NASA’s Suomi NPP satellite instruments saw a large number of fires across India on March 22. Most of the fires were on grass or crop lands. According to the US space agency, “the location, widespread nature, and number of fires suggest that these fires were deliberately set to manage land”.

That conclusion is corroborated by agricultural practices in the country. The fires are probably a result of jhum cultivation, a technique used by farmers to clear fields after a harvest. The NASA image shows just how many such fires exist on one post-harvest day.

By setting fire to the land, all unwanted plants and shrubs are removed in a quick, easy and cheap manner. Some even say that the fire returns nutrients to the land.

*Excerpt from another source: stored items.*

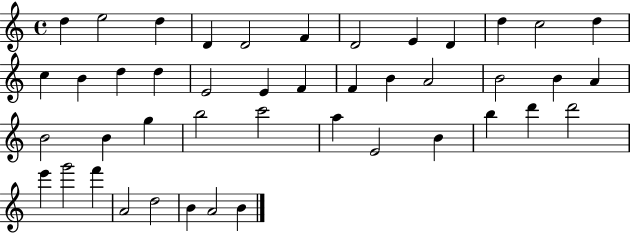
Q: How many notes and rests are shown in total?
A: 44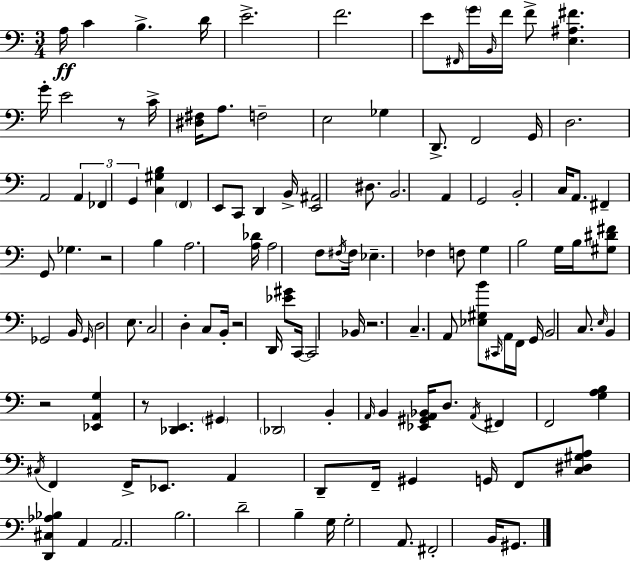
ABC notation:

X:1
T:Untitled
M:3/4
L:1/4
K:C
A,/4 C B, D/4 E2 F2 E/2 ^F,,/4 G/4 B,,/4 F/4 F/2 [E,^A,^F] G/4 E2 z/2 C/4 [^D,^F,]/4 A,/2 F,2 E,2 _G, D,,/2 F,,2 G,,/4 D,2 A,,2 A,, _F,, G,, [C,^G,B,] F,, E,,/2 C,,/2 D,, B,,/4 [E,,^A,,]2 ^D,/2 B,,2 A,, G,,2 B,,2 C,/4 A,,/2 ^F,, G,,/2 _G, z2 B, A,2 [A,_D]/4 A,2 F,/2 ^F,/4 ^F,/4 _E, _F, F,/2 G, B,2 G,/4 B,/4 [^G,^D^F]/2 _G,,2 B,,/4 _G,,/4 D,2 E,/2 C,2 D, C,/2 B,,/4 z2 D,,/4 [_E^G]/2 C,,/4 C,,2 _B,,/4 z2 C, A,,/2 [_E,^G,B]/2 ^C,,/4 A,,/4 F,,/4 G,,/4 B,,2 C,/2 E,/4 B,, z2 [_E,,A,,G,] z/2 [_D,,E,,] ^G,, _D,,2 B,, A,,/4 B,, [_E,,^G,,A,,_B,,]/4 D,/2 A,,/4 ^F,, F,,2 [G,A,B,] ^C,/4 F,, F,,/4 _E,,/2 A,, D,,/2 F,,/4 ^G,, G,,/4 F,,/2 [C,^D,^G,A,]/2 [D,,^C,_A,_B,] A,, A,,2 B,2 D2 B, G,/4 G,2 A,,/2 ^F,,2 B,,/4 ^G,,/2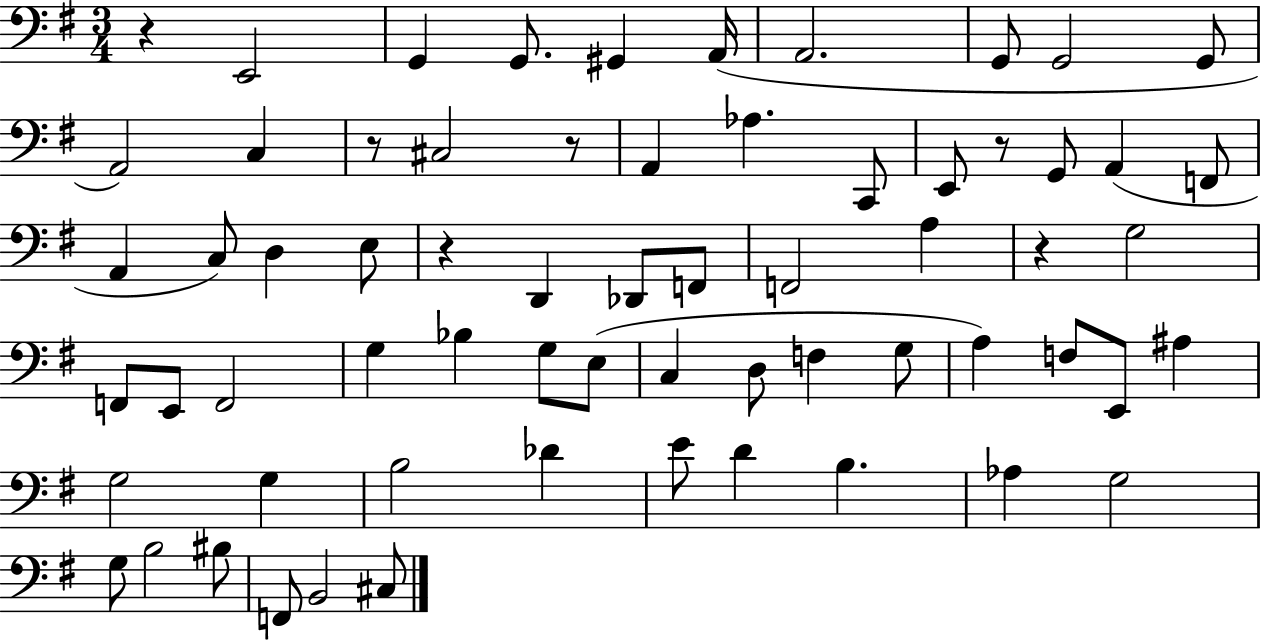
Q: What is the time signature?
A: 3/4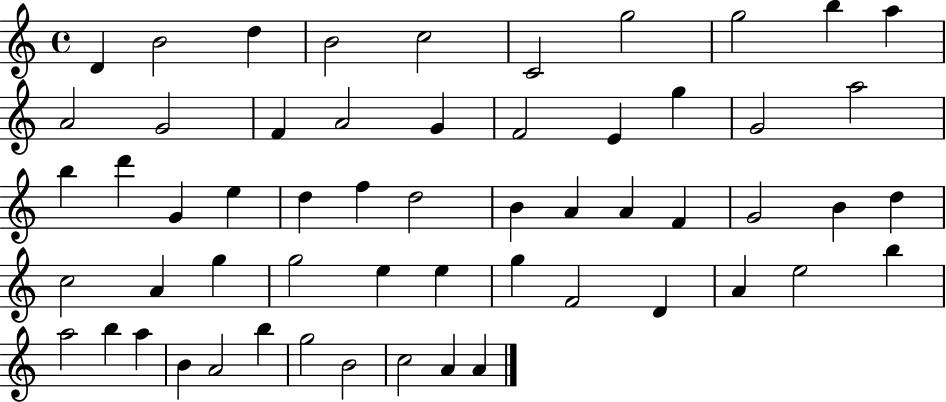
D4/q B4/h D5/q B4/h C5/h C4/h G5/h G5/h B5/q A5/q A4/h G4/h F4/q A4/h G4/q F4/h E4/q G5/q G4/h A5/h B5/q D6/q G4/q E5/q D5/q F5/q D5/h B4/q A4/q A4/q F4/q G4/h B4/q D5/q C5/h A4/q G5/q G5/h E5/q E5/q G5/q F4/h D4/q A4/q E5/h B5/q A5/h B5/q A5/q B4/q A4/h B5/q G5/h B4/h C5/h A4/q A4/q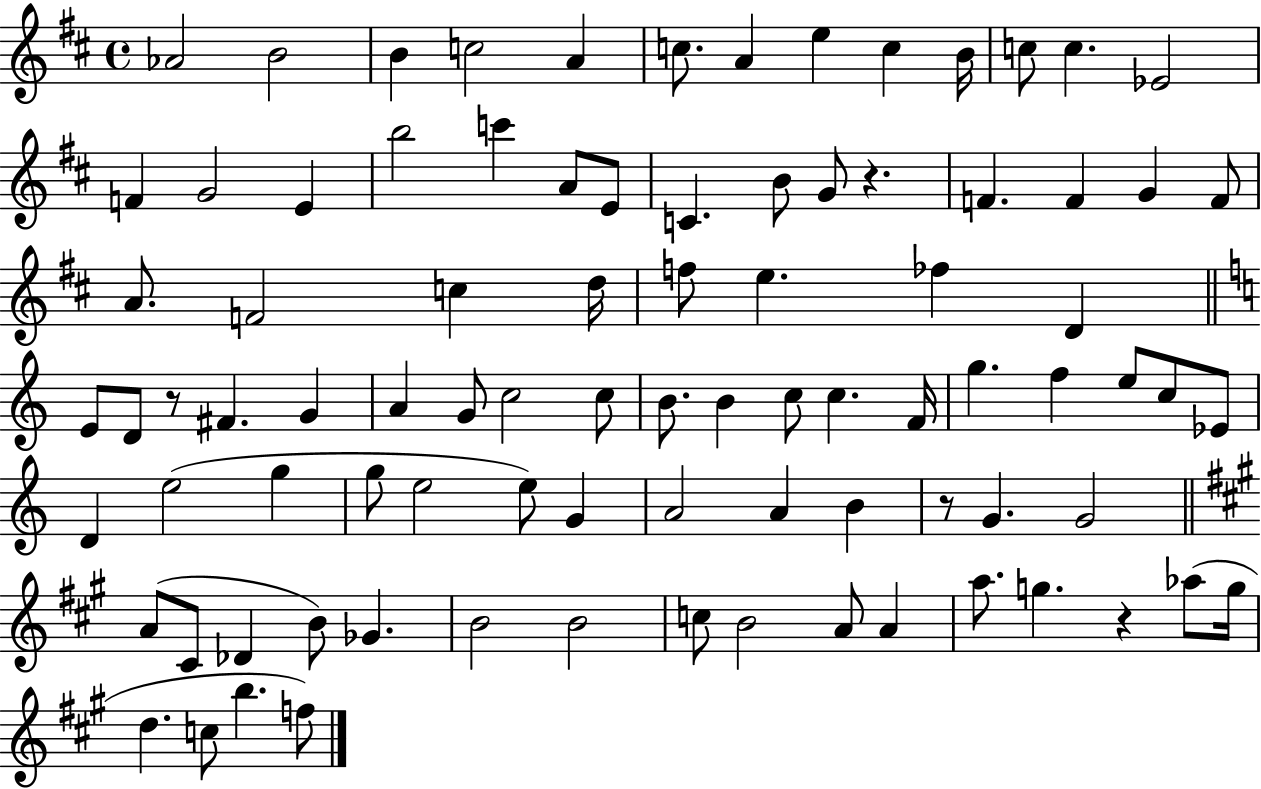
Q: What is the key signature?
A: D major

This act, however, is criticised by many because of the large amount of air pollution it creates. Several states in the country have banned the practice. In addition, while it may serve short-term benefits for the farmer, it degrades the soil in the long run. “Burning kills the natural nutrients and bacteria that help rejuvenate the soil and also creates pollution all around. And the law that states have to ban this is not implemented in most areas,” Ashok Gulati, professor of agriculture at the Indian Council for Research on International Economic Relations, told The Wire.

Why, in spite of the negative effects, is the burning of fields a prevalent concept on Indian agricultural land? Gulati offers an explanation.  “An agricultural stubble remains on the field after a harvest, and usually you would have to plough the land to remove this. But that costs money. You have to get either machines or labour to do it, and these days labour costs in rural India are very high when compared with agricultural profitability. Burning the field is an easy way out of this problem, at least in the short term. But the farmer will lose out in the medium to long term. It’s a very short sighted cost-benefit analysis that leads to this practice.”

The areas showing fires on NASA’s map also coincide with the Indian agricultural cycle, Gulati says. While the harvest is now complete in parts of south and east India (where the fires largely are), the act of burning fields usually takes place between October and December in the north of the country, when paddy fields are cleared for wheat.

“It’s a governance issue, the negative externalities of burning land need to be seriously taken into account,” he concluded. “Something needs to be done.”